BOKAMOSO | ANC leaders must now choose between Uncle Kathy’s principles and his party

01 Apr 2017 in News

On Friday we South Africans woke up to another country. South Africa is now a de facto kleptocracy. Jacob Zuma’s mafia, run by the Godfather Guptas, has taken control of our Treasury. They have fired the most competent protectors of our national purse, Finance Minister Pravin Gordhan and Deputy Finance Minister Mcebisi Jonas, and replaced them with Malusi Gigaba, a sycophant who will hand them the keys to our Treasury, and Sfiso Buthelezi, possibly a compromise appointment, respectively. It was the last desperate gamble of a man with a Gupta gun to his head. Or perhaps a Russian nuclear gun. Mr Zuma is a disgraceful man. He cares nothing at all for the poor and vulnerable, still less for our constitution. He is irretrievably captured by self-serving interests. But they have underestimated us, the people of South Africa. We won’t go down without a fight. And the DA has taken this fight to where it belongs, the National Assembly.

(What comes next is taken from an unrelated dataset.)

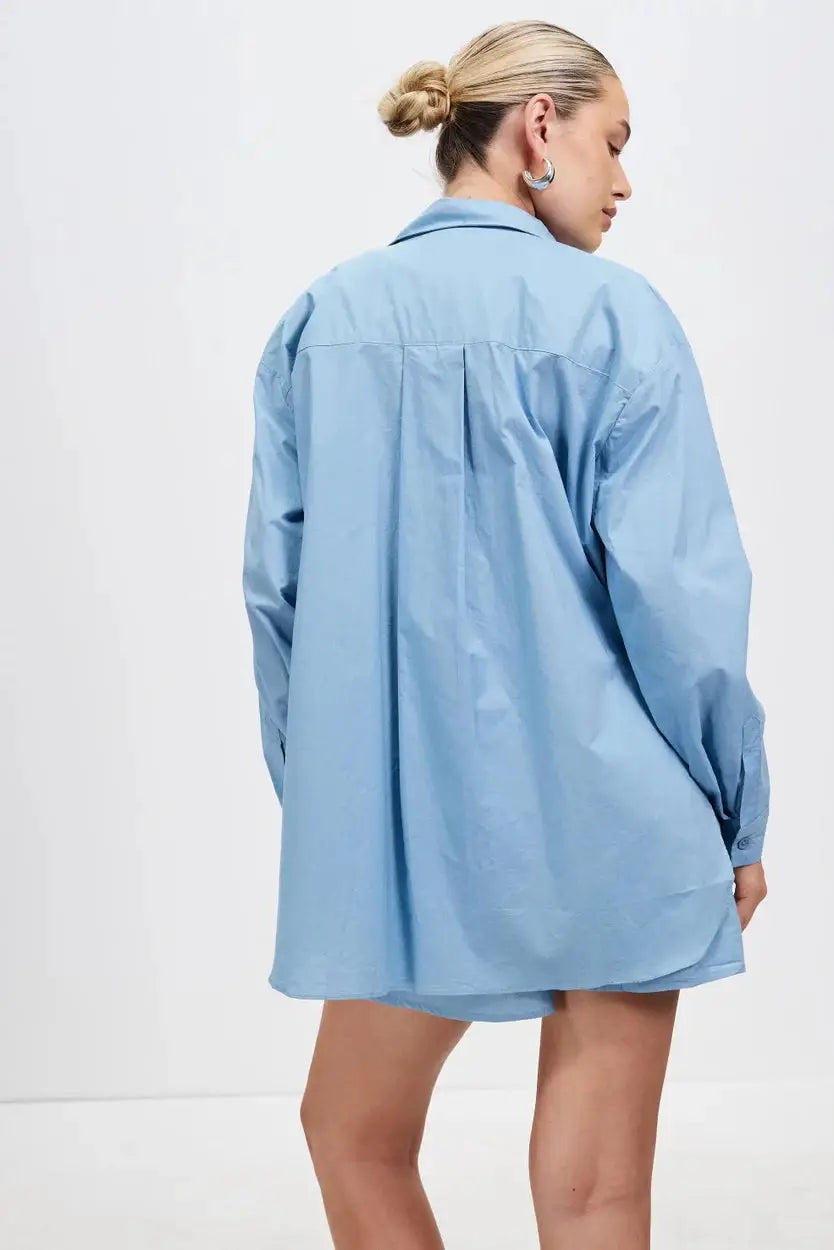 STUSSY pop graffiti os shirt - sky blue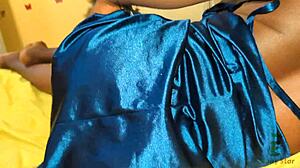 hot girl in sexy dress craves wild bedroom sex now!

On Thursday, the DA tabled a Motion of No Confidence in President Zuma. This gives ANC leaders one last opportunity to do the right thing. After all, it is the ANC who chooses our president. At all times, he serves only at their behest. The ANC National Executive Committee could remove him today, as they could have removed him on any day since 9 May 2009. But those leaders within the ANC who oppose Zuma and who are not caught up in his parasitic patronage network are in the minority. That much was evident after their failed bid to remove him as President of South Africa during protracted ANC NEC deliberations in December last year. And yet it is important to understand that it is well within their power to fire him. But they will have to find the courage to do so in the broad light of day, in our legislature, where those who want to put South Africa first are in the majority.

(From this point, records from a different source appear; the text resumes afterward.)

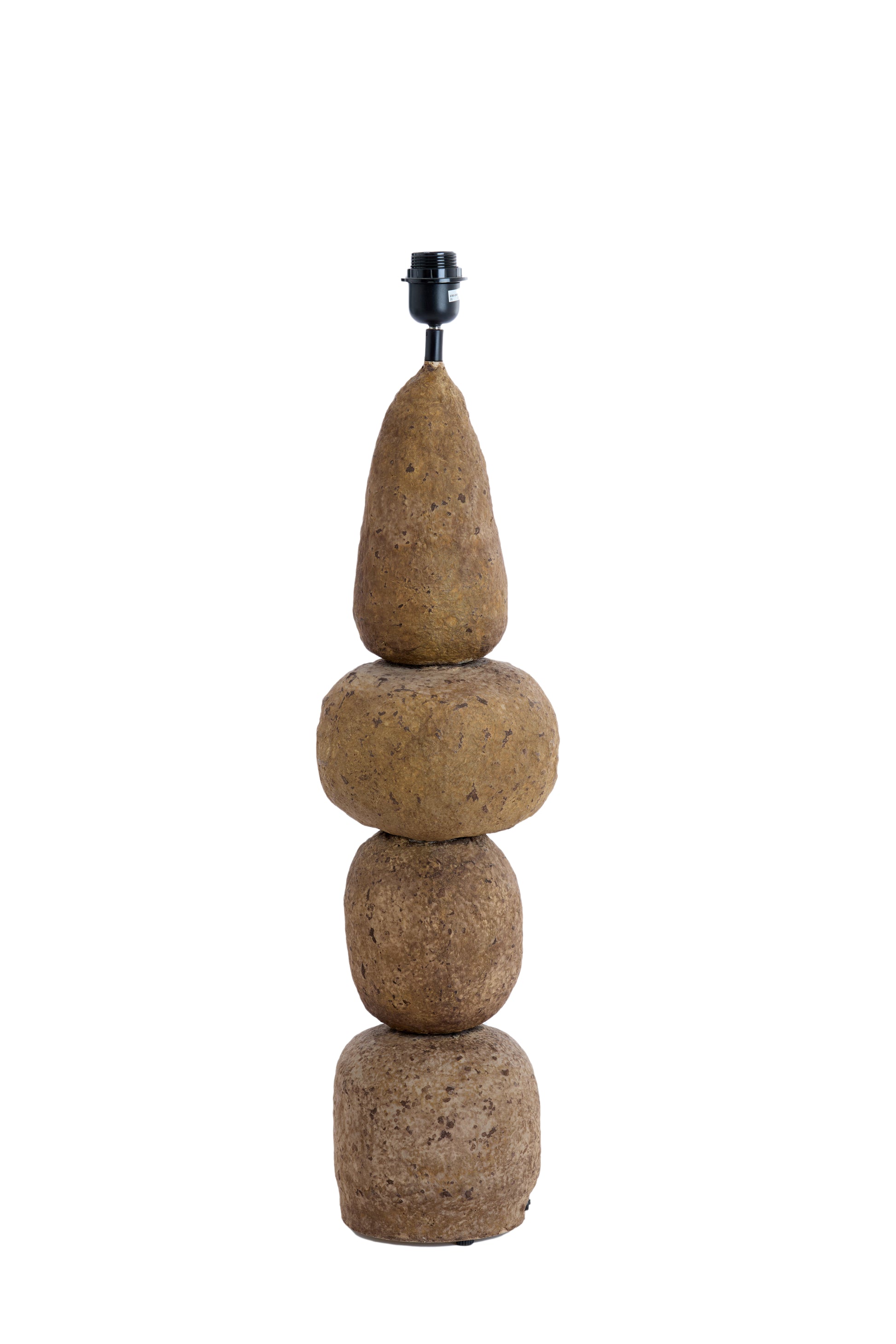 Pied de lampe Ø22x72 cm MARREE brun foncé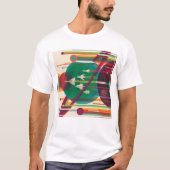 Retro Space Travel Poster - Solar System Grand Tou T-Shirt (Vorderseite)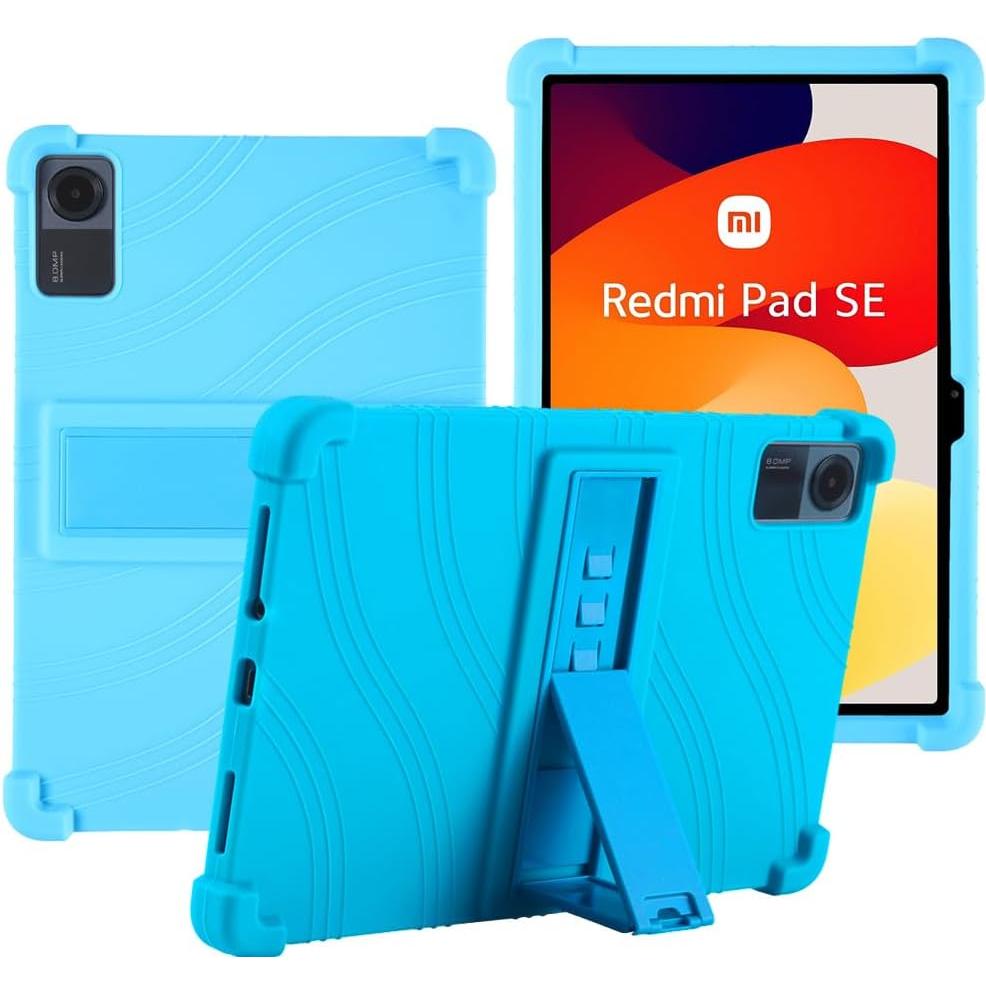 Silicone case for Xiaomi Redmi Pad SE 11", Impact, armored, blue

This means that these ANC leaders will have to vote with South Africa and against the ANC. Today we call on them to rise to the challenge of true leadership. We call on them to put aside personal and party considerations and act in the public interest. Even if only about 50 or 60 out of a total of 249 ANC Members of Parliament support the motion, it will be enough to force Jacob Zuma to resign, since virtually all 151 opposition MPs will vote against Jacob Zuma’s continued presidency. All that is required to remove him is a simple majority of 201 MPs to support the motion.

That, and for these ANC leaders to do the right thing. In this, they can draw inspiration from a true South African leader who left us this week. Struggle stalwart Ahmed Kathrada was the embodiment of courage, integrity, selflessness and wisdom. He put the greater good ahead of individual and party political considerations. These are the values that carried South Africa to a peaceful resolution in 1994. And these are the values that must unite South African leaders today in our time of crisis, so that we can tackle our real enemies: poverty and unemployment.

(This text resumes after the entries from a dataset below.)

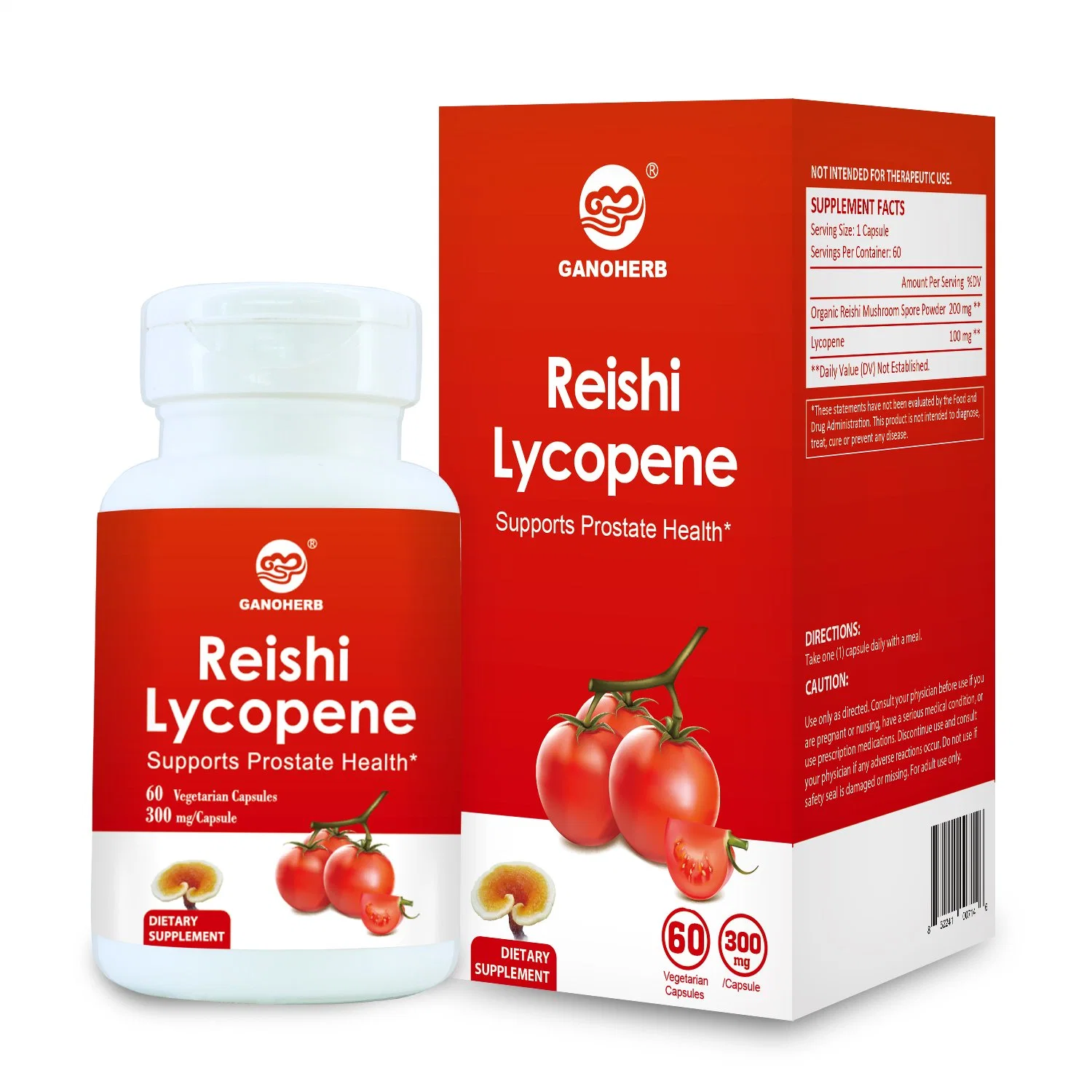 Ganoherb Herbal Supplements Reishi Lycopene Capsules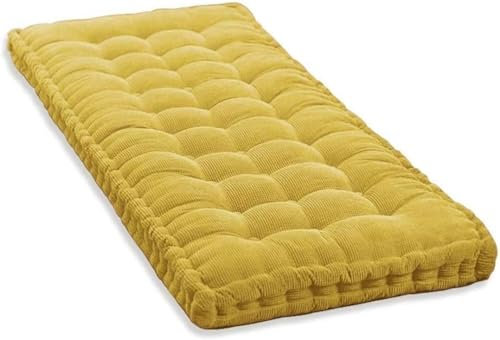 Dicke Sitzauflage Sitzkissen bank, Gartenstuhl Bankauflage 90x40/100x40/120x40/150x50/160x40/160x50cm Bankkissen, Groß Outdoor Stuhlkissen Bankpolster, Gartenbank Waschbare Sitzkissen ( Color : #9 , S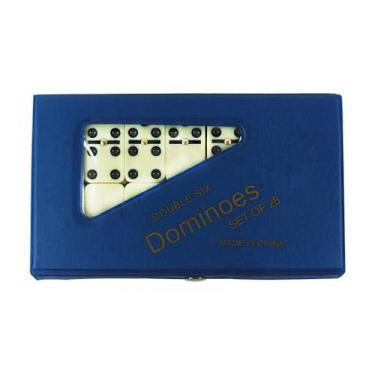 Imagem de Jogo de Dominó Clássico  Ideal para Competições Entretenimento - SEVEM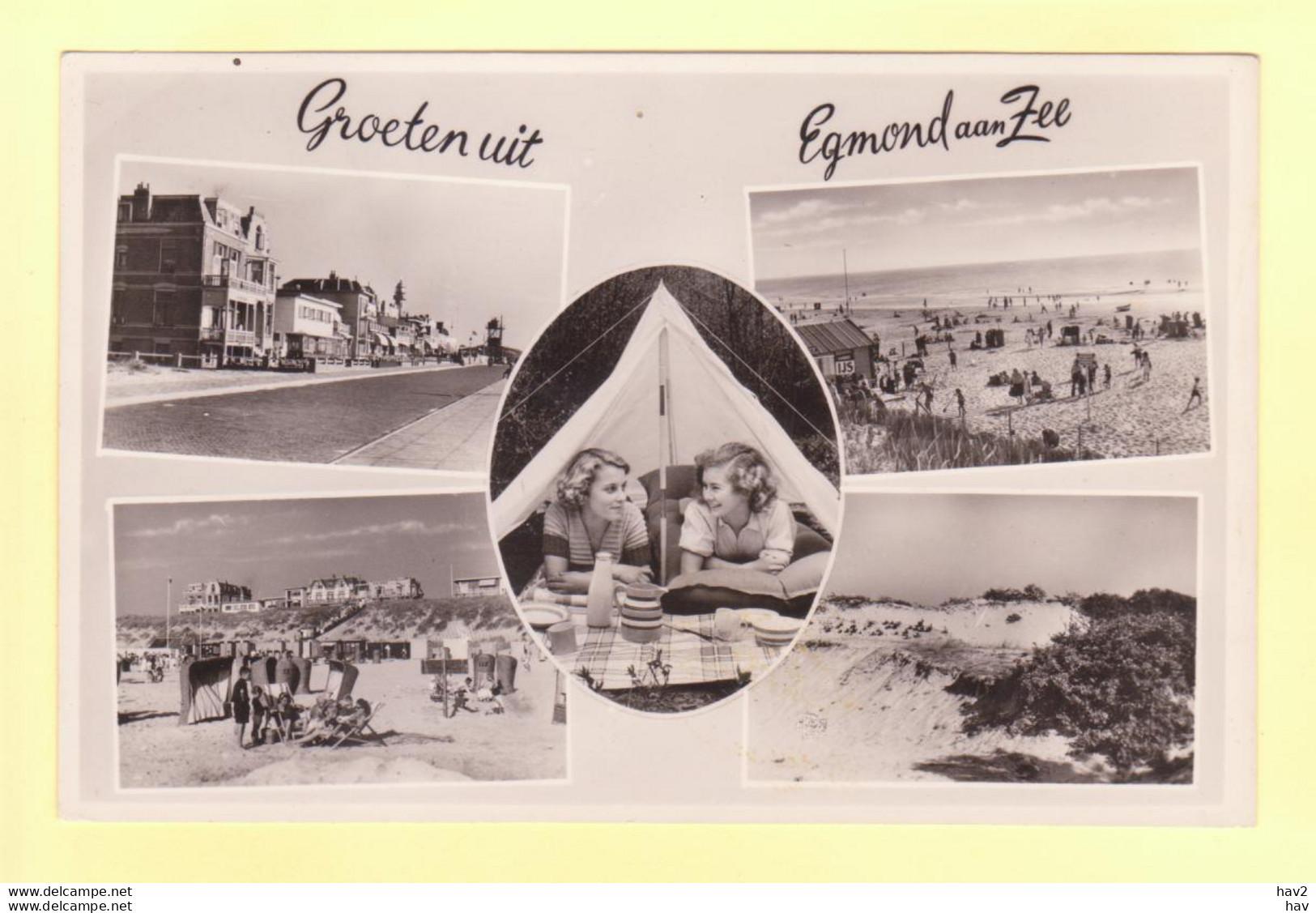 Egmond Aan Zee 5-luik 1954 RY21296 - Egmond Aan Zee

Like his fellow struggle companions, Ahmed Kathrada resonated at an exceptionally high level of consciousness. This has generated a deep sense of loss in all of us. Subconsciously, we feel the powerful gravitational pull of his principles. It was visceral at his funeral on Wednesday, which was not an ANC gathering but rather a gathering of those loyal to his values. There is much to mourn. Not only the man, but the ANC he knew and loved, are gone.

But his values live on and it is loyalty to those values rather than to the current ANC, that holds the solution to our crisis. Uncle Kathy himself realised this. Torn between loyalty to the ANC, and loyalty to South Africa, he chose the latter. In an open letter he penned to President Jacob Zuma after the Constitutional Court judgement on Nkandla last year which found the President to have violated his oath of office, Uncle Kathy wrote and former President Kgalema Motlanthe read at his funeral:

“I have always maintained a position of not speaking out publicly about any difference I may harbour against my leaders and my organisation, the ANC. I would only have done so when I thought that some important organisational matters compel me to raise my concerns.

Today I have decided to break with that tradition. The position of President is one that must at all times unite this country behind a vision and programme that seeks to make tomorrow a better day than today for all South Africans. It is a position that requires the respect of all South Africans, which of course must be earned at all time.

And bluntly, if not arrogantly, in the face of such persistently widespread criticism, condemnation and demand, is it asking too much to express the hope that you will choose the correct way that is gaining momentum, to consider stepping down.”

Each one of the current ANC leaders who hold Kathrada’s values dear have a last chance to make the same choice between the ANC and South Africa, between party and principle, if they truly seek to make tomorrow a better day than today for all South Africans. We know that Zuma will not step down, but the popular movement against him has enormous momentum and firing him is indeed the “correct way” to go, the right thing to do. Uncle Kathy and his ANC are gone, but his values are timeless and all-powerful. They will see us through.